One of my favorite books on writing is Bird by Bird by Anne Lamott. This great book not only discusses the fundamentals of writing like plot, character, setting, etc. but also other helpful tips for the more advanced writer, such as ways to overcome the voice in your head that tells you you’re not good enough, ideas for writing groups and what to do during the publication (and pre-publication) process.
One of the important lessons Lamott teaches in Bird by Bird is to break up writing assignments into chunks that are easier deal with. She suggests that you keep a one inch picture frame by your writing desk.
It reminds me that all I have to do is write down as much as I can see through a one-inch picture frame. This is all I have to bit off for the time being. All I am going to do right now, for example, is write that one paragraph that sets the story in my hometown, in the late fifties, when the trains were still running. (18)
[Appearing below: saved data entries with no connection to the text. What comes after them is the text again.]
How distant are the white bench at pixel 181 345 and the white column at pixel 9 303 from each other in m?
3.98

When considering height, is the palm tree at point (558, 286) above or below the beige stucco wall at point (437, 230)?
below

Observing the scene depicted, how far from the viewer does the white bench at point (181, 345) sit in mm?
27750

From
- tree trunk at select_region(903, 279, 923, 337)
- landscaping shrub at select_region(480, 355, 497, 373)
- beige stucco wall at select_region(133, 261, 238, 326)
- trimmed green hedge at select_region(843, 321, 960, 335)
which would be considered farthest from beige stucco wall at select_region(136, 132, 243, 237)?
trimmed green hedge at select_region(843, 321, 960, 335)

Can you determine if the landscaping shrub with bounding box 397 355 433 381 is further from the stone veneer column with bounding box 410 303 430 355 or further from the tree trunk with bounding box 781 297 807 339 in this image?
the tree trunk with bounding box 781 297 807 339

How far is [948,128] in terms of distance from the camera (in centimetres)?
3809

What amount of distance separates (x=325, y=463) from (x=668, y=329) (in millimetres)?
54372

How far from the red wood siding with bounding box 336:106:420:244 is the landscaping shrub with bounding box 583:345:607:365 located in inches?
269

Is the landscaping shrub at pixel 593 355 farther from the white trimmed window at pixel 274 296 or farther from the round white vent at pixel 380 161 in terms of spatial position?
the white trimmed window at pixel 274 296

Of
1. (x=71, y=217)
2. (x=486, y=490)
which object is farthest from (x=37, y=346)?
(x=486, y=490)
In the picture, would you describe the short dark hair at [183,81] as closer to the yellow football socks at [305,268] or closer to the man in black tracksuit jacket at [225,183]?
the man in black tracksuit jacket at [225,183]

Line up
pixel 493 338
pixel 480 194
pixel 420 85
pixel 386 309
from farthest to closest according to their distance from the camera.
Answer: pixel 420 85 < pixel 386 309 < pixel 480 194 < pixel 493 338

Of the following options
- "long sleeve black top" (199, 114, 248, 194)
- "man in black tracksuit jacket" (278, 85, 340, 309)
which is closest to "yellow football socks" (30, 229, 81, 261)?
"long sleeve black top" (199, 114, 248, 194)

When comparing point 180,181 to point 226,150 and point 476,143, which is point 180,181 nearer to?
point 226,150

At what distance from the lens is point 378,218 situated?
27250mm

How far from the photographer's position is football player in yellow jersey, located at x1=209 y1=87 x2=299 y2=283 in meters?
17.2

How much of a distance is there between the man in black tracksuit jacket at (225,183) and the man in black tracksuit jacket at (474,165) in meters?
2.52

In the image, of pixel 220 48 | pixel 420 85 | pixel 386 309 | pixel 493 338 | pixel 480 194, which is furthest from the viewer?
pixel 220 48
This lesson is also where the title of the book comes from. She tells the story of when her brother was writing a must-procrastinated paper on birds and he couldn’t figure out how he was going to complete the huge project. His father imparted upon him these words of wisdom that inspire us today. “Bird by bird, buddy. Just take it bird by bird” (19).
Sometimes the immensity of 50,000 words in 30 days is overwhelming, so we should remind ourselves to just take it bird by bird, and keep plowing on.